### YOUR OBJECTIVE
Repeat exactly the lines below from the line that contains "Outdoor-Sofagarnitur 6 Stk." to the last line, inclusive, without the pictures.

### DATA TO EXAMINE

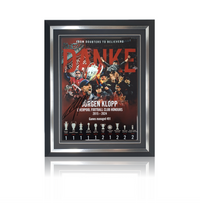 Jurgen Klopp Hand Signed 12" x16" 'DANKE' Honours Montage In Classic Frame.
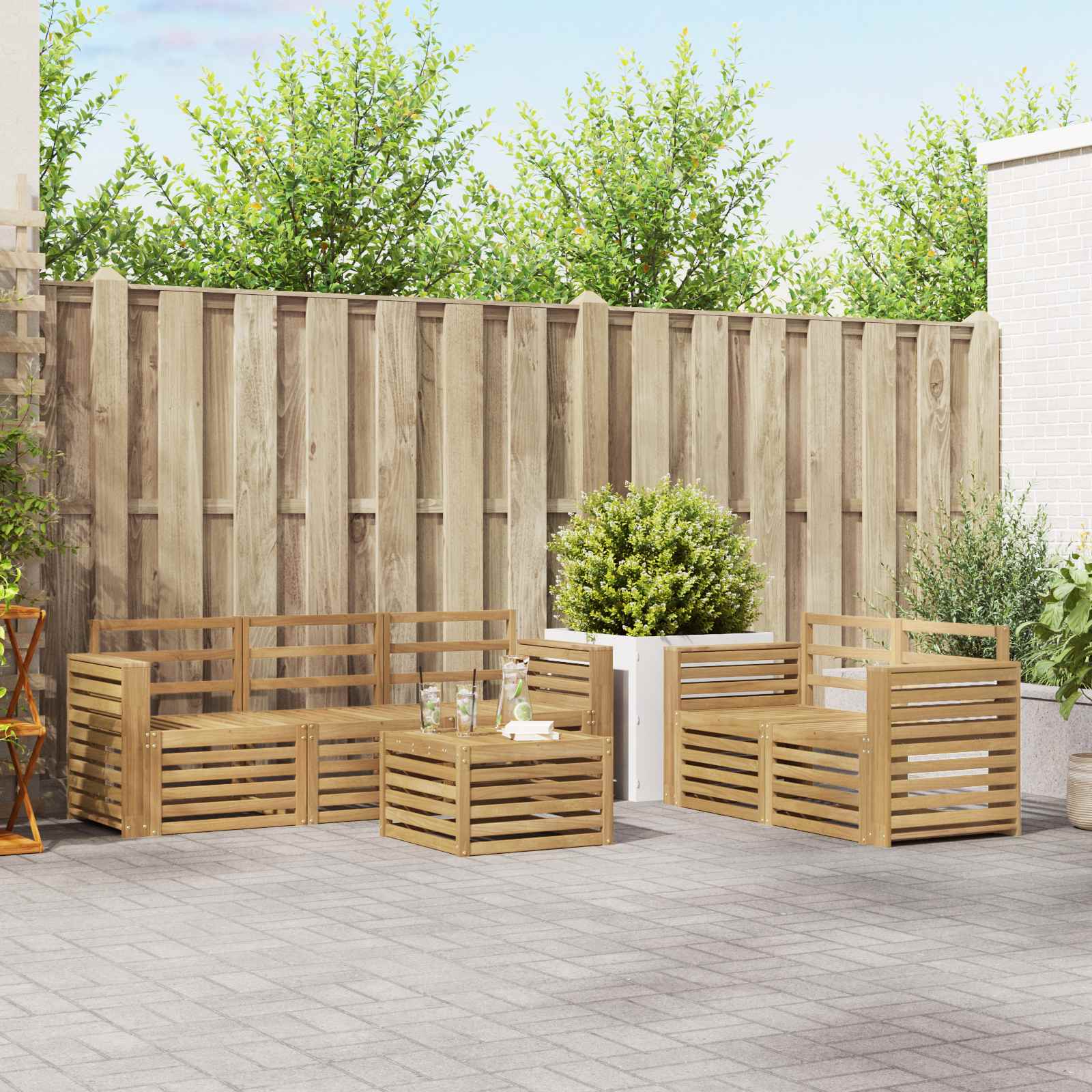 Outdoor-Sofagarnitur 6 Stk. Weiß Massivholz Akazie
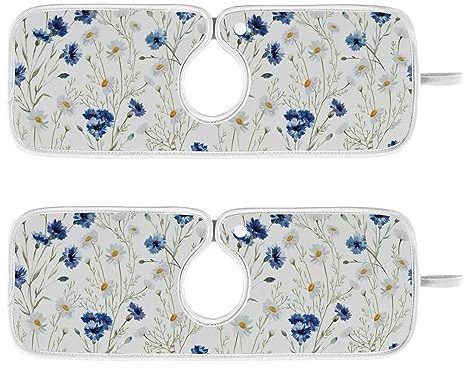 ElliTarr Sink Splash Guard Behind Faucet Mat for Kitchen Sink Drain Mat Faucet Handle Drip Catcher Tray for Bathroom 15 inch Dish Drying Mat Blue Daisy Microfiber Pack of 2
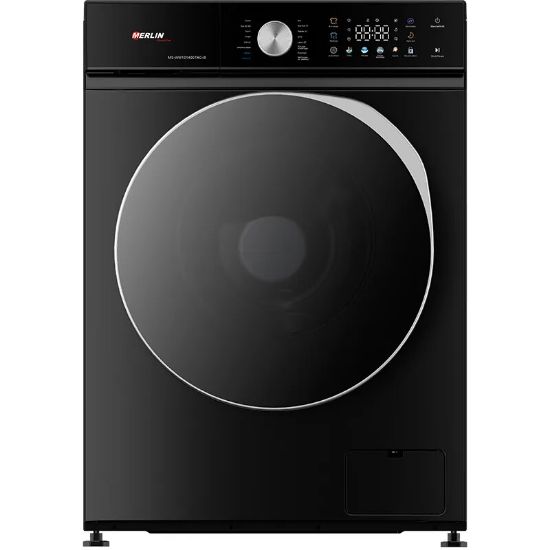 Lave-linge hublot 10 kg 1 400 tr/min Vapeur Noir - Merlin MS-WM101400TAC-B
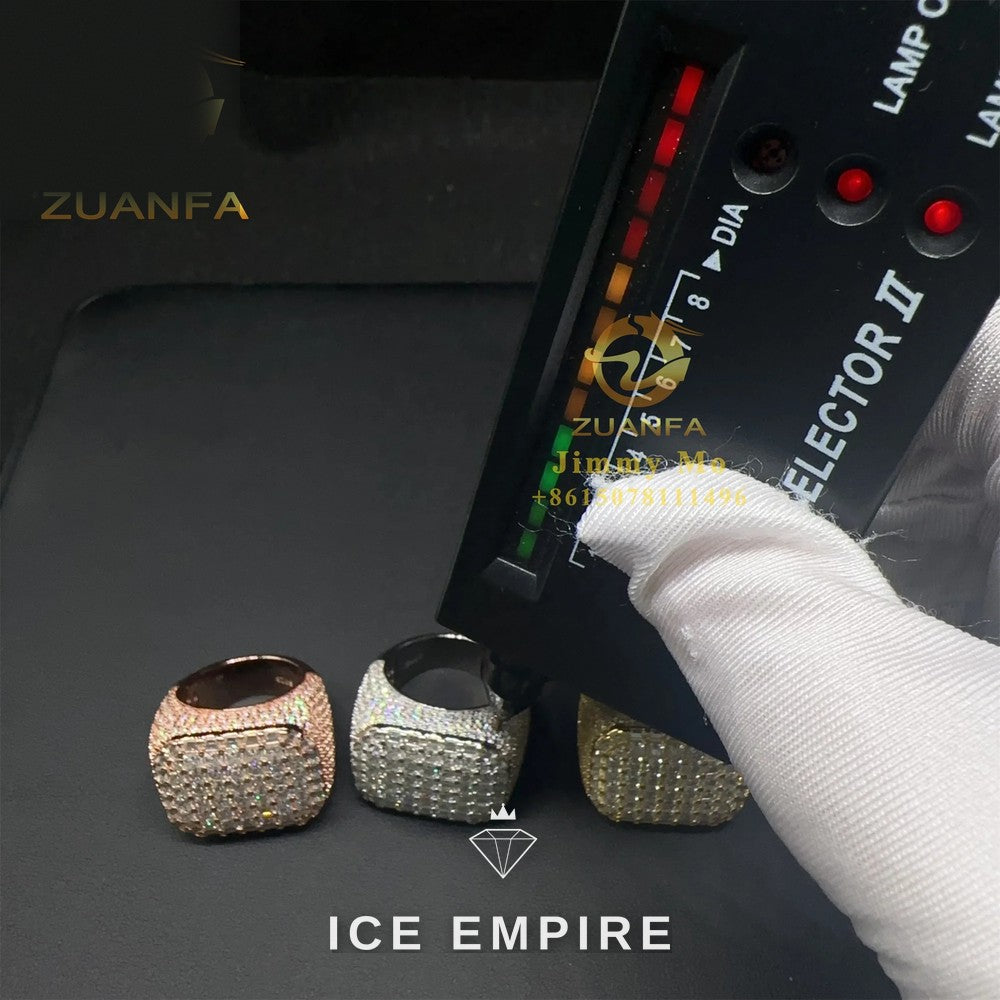 Iced Out Baguette Rose Gold Plated Moissanite Ring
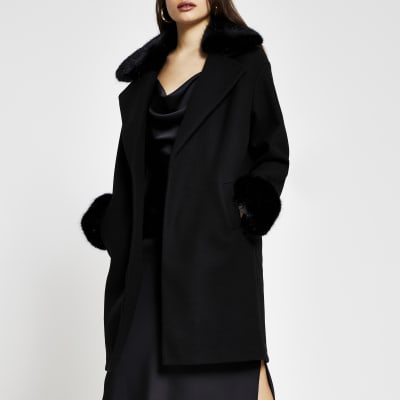 Black faux fur collar coat | River Island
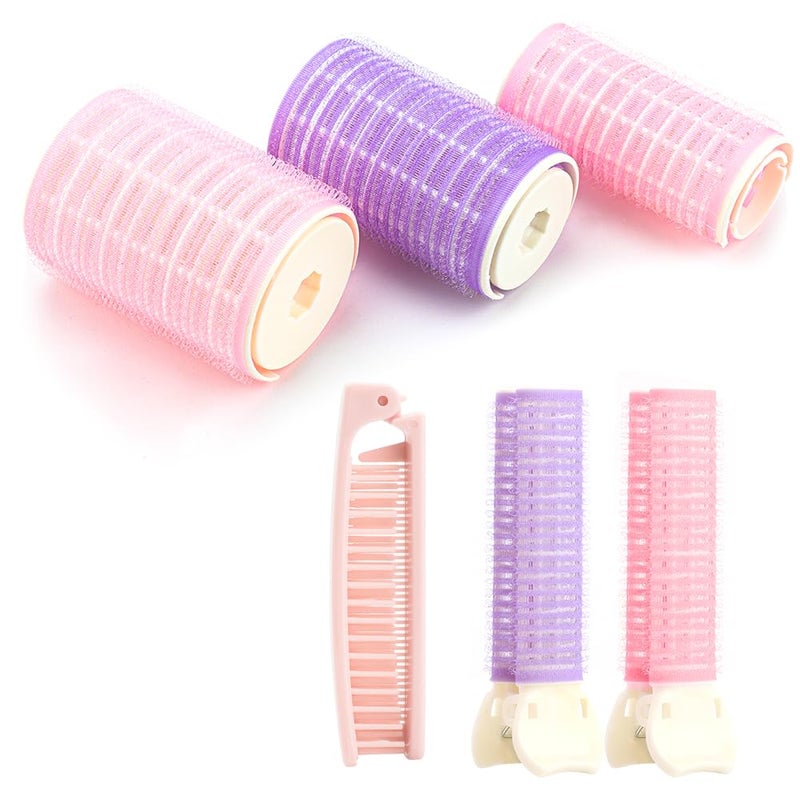WALLFID Hair Roller Set 6 Pcs for Medium Long Hair, Includes 3 Curling Irons, 2 Volumizing Root Clips, 1 Comb (Volumizing Bangs Curler Set for Women) - Image 1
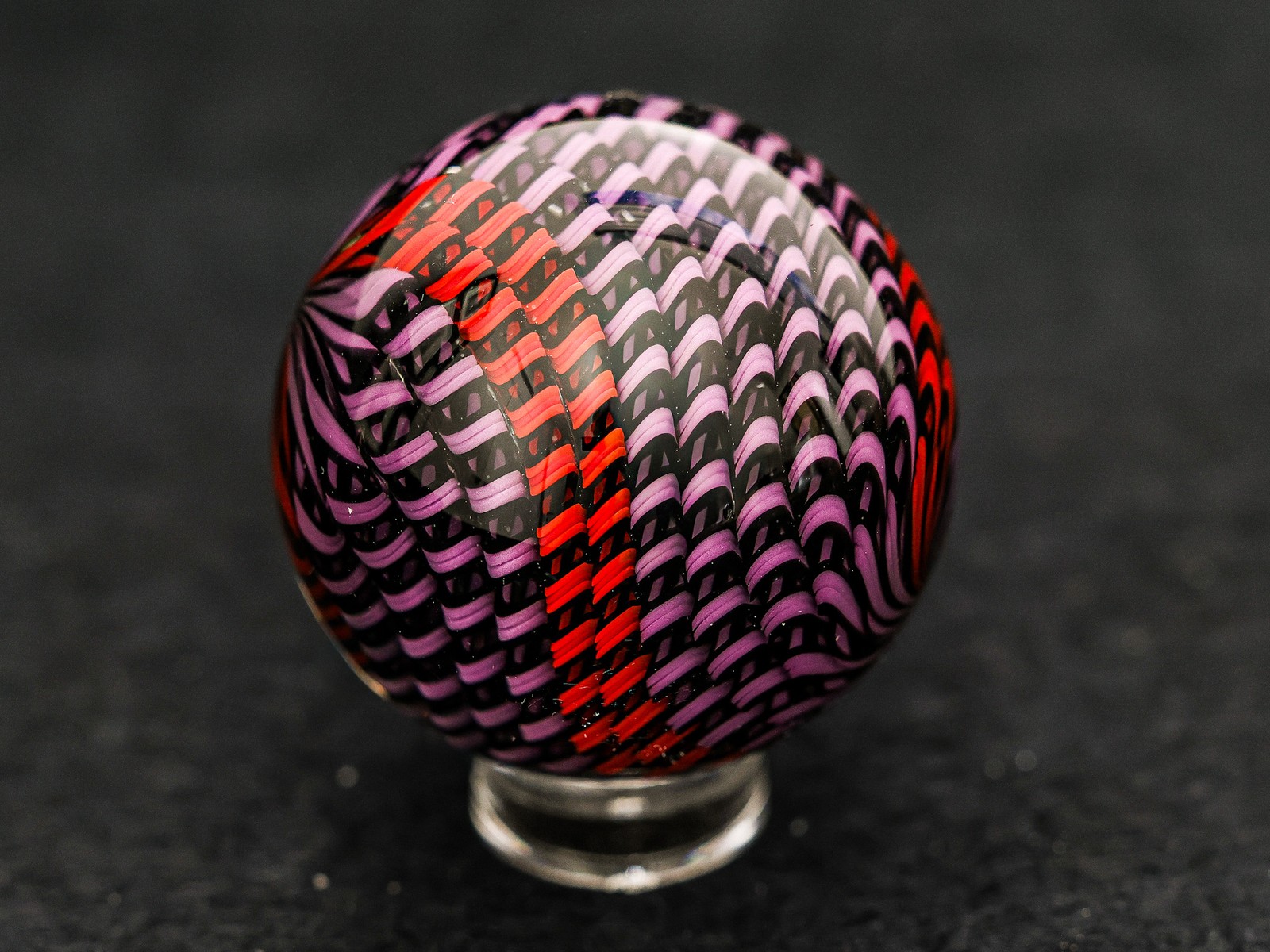 Bryan Trillas Glass Marble/Filigree 14 Cane Pattern/Purple Black Red/1.0-1.1in Bryan Trillas Glass Marble/Filigree 14 Cane Pattern/Purple Black Red/1.0-1.1in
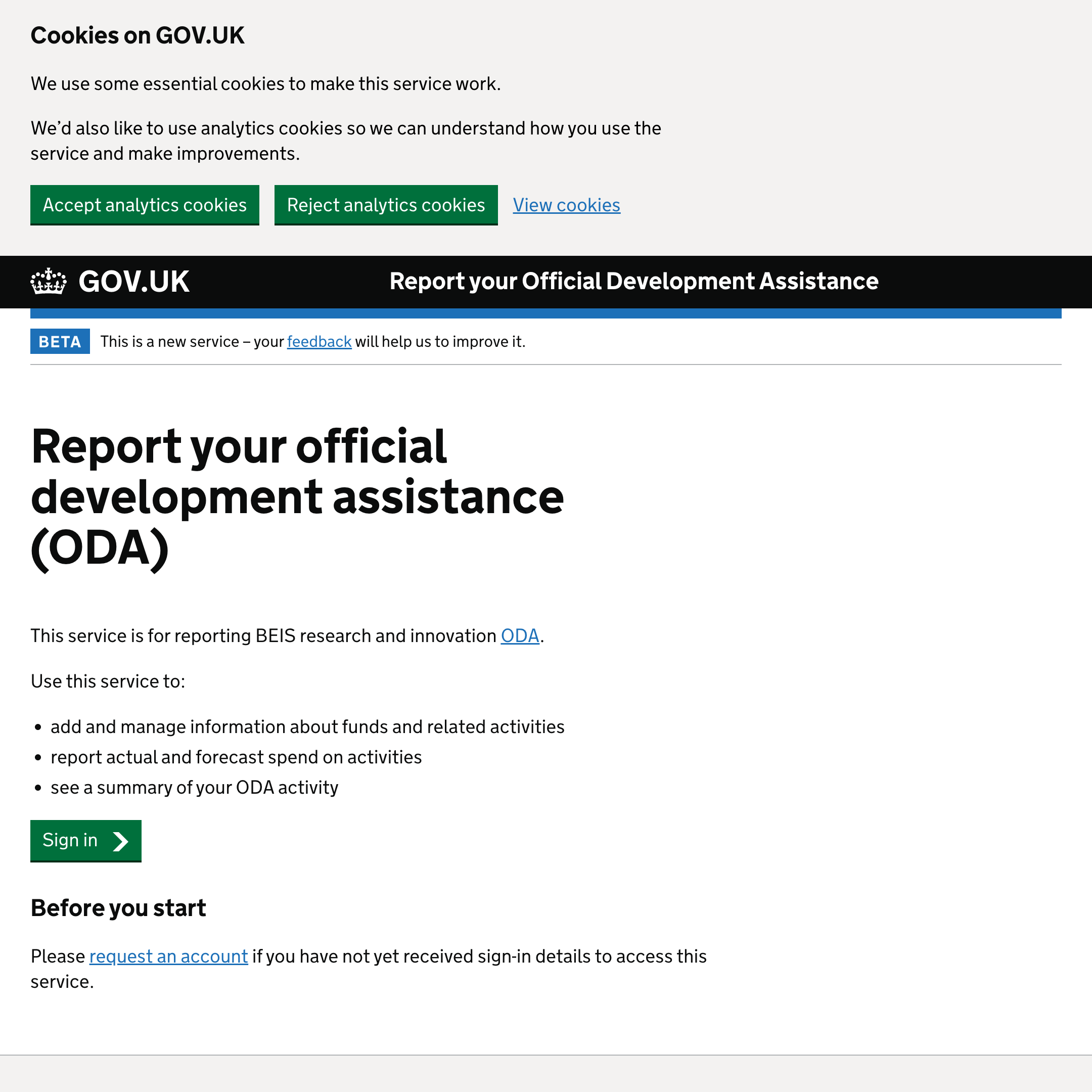 Report your Official Development Assistance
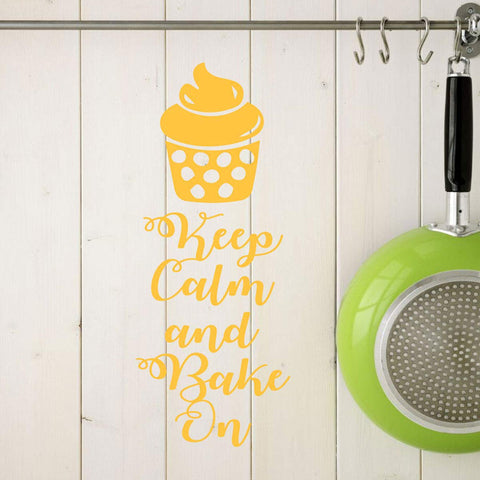 "Keep Calm and Eat Cupcakes" Kitchen Wall Decal – Farmhouse Vinyl Wall Lettering for Bakery & Baker’s Gift - The Wall Valley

### SOLUTION FOR THIS PROBLEM
 Outdoor-Sofagarnitur 6 Stk. Weiß Massivholz Akazie
 ElliTarr Sink Splash Guard Behind Faucet Mat for Kitchen Sink Drain Mat Faucet Handle Drip Catcher Tray for Bathroom 15 inch Dish Drying Mat Blue Daisy Microfiber Pack of 2
 Lave-linge hublot 10 kg 1 400 tr/min Vapeur Noir - Merlin MS-WM101400TAC-B
 Iced Out Baguette Rose Gold Plated Moissanite Ring
 Black faux fur collar coat | River Island
WALLFID Hair Roller Set 6 Pcs for Medium Long Hair, Includes 3 Curling Irons, 2 Volumizing Root Clips, 1 Comb (Volumizing Bangs Curler Set for Women) - Image 1
 Bryan Trillas Glass Marble/Filigree 14 Cane Pattern/Purple Black Red/1.0-1.1in Bryan Trillas Glass Marble/Filigree 14 Cane Pattern/Purple Black Red/1.0-1.1in
 Report your Official Development Assistance
 "Keep Calm and Eat Cupcakes" Kitchen Wall Decal – Farmhouse Vinyl Wall Lettering for Bakery & Baker’s Gift - The Wall Valley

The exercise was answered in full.